Data segment
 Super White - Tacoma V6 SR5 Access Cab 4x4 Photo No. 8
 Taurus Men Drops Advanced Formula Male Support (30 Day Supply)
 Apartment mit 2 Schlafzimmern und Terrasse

Task instructions
Transcribe all of the data above, keeping each line exactly as it stands.

Solved exercise
 Super White - Tacoma V6 SR5 Access Cab 4x4 Photo No. 8
 Taurus Men Drops Advanced Formula Male Support (30 Day Supply)
 Apartment mit 2 Schlafzimmern und Terrasse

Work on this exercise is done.